La filosofía sónica comienza no desde la música como un conjunto de objetos culturales, sino desde una experiencia más profunda del sonido como flujo, acontecimiento y efecto. Arthur Schopenhauer y Friedrich Nietzsche son figuras ejemplares aquí, ya que ambos presentan una metafísica musical en lugar de una metafísica de la música. Para Schopenhauer y Nietzsche, la música representa el mundo directamente tal y como es en sí, así como las fuerzas primarias y movimientos que impulsan todo cambio, tensión, creación y destrucción en la naturaleza. En un pasaje que Nietzsche celebra, Schopenhauer escribe que “La música [...] representa lo metafísico de todo lo físico del mundo, la cosa en sí de todo fenómeno [...] La música ofrece el núcleo más íntimo que precede a toda configuración, o el corazón de las cosas”. [2] 

Para Schopenhauer y Nietzsche, la música y el sonido tienen importancia filosófica porque nos presentan con una ontología que inquieta a nuestra concepción ordinaria de las cosas. En la filosofía, la ontología es la subdisciplina que investiga el ser, que busca determinar lo que es o qué tipos de cosas existen. Normalmente trabajamos con una ontología que comienza y termina con lo que J.L. Austin llama mordazmente “especímenes de tamaño moderado de bienes sólidos”, los objetos de nuestra experiencia cotidiana: manzanas, sillas, árboles, automóviles, etc. [3] Esta ontología ordinaria se extiende para incluir objetos más grandes, como montañas o estrellas, y puede aceptar objetos científicos como partículas subatómicas, siempre y cuando se piensen como versiones diminutas de cosas ordinarias; estables, sólidas y duraderas, aunque pequeñísimas. En efecto, cuando hablamos de “la materia”, tendemos a pensar únicamente en materia sólida. (Pienso que pocos considerarían sustancias líquidas, gaseosas o plasma –agua, aire o fuego, por ejemplo– como ejemplos paradigmáticos de la materia.) Esta ontología ordinaria da prioridad a los sentidos de la vista y del tacto; o más bien, son estos sentidos los que determinan esa ontología cotidiana. Los objetos que pertenecen al olfato, al gusto y a la escucha –invisibles, intangibles y efímeros, por así decirlo– parecen tener únicamente una existencia vaga en relación al estándar de los objetos sólidos ordinarios, cuya presencia garantizan nuestros ojos y dedos, y que son consagrados por el “sentido común”, el cual nombra una jerarquía arraigada de los sentidos en lugar de un acuerdo común entre ellos. 
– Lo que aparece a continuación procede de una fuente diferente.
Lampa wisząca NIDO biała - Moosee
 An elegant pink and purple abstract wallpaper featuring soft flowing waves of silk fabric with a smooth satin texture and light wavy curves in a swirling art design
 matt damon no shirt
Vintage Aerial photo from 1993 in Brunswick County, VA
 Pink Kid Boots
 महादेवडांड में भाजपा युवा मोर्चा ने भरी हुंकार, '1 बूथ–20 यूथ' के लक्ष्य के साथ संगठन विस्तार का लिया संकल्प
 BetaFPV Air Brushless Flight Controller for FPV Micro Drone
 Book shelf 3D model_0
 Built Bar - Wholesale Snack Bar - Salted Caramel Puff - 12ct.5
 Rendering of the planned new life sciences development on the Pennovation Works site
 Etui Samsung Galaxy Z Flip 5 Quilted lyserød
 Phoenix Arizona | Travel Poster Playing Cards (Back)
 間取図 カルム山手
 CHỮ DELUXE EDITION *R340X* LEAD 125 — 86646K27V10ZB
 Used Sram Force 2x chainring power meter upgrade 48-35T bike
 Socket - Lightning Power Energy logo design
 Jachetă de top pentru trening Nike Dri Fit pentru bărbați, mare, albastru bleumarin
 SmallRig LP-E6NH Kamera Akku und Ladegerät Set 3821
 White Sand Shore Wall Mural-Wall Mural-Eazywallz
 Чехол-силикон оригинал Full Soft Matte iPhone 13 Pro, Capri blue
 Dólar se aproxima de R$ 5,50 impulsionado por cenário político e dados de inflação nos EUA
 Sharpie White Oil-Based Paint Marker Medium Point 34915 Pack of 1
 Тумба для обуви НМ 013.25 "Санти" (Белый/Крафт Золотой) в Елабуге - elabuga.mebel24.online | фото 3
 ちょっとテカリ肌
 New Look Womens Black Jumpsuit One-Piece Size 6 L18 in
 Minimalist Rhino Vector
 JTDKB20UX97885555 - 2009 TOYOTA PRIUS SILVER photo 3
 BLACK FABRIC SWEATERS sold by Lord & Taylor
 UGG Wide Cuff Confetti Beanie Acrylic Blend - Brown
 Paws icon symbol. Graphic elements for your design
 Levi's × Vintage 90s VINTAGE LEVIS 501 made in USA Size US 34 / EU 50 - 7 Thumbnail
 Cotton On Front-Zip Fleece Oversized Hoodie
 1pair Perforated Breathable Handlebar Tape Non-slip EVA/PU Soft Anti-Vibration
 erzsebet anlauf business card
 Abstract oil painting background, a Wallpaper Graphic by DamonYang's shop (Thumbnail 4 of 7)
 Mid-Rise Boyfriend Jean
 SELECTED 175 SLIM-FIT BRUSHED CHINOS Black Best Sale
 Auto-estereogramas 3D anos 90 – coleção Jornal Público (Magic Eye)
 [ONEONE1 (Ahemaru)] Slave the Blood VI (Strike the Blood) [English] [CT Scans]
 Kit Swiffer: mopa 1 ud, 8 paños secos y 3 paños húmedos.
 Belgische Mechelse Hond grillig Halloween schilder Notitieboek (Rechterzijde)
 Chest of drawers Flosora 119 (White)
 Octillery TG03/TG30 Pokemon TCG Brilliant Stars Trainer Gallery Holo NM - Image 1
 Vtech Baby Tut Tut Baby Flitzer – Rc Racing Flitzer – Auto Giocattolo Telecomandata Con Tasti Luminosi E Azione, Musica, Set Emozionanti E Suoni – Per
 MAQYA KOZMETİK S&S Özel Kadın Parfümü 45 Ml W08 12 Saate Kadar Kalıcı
Sin embargo, los sonidos, los olores y los sabores existen indudablemente, y tienen desde luego tanta materialidad como la que tienen palos y piedras. Para tomar el ejemplo que me concierne, los sonidos hacen que nuestros tímpanos vibren, que las paredes tiemblen y que copas de vino se rompan. Efectivamente, el sonido es inescapable y omnipresente. A falta de párpados para nuestros oídos, nos vemos siempre bañados en sonido, inmersos en él de una manera que el mundo de los objetos visibles no comparte. 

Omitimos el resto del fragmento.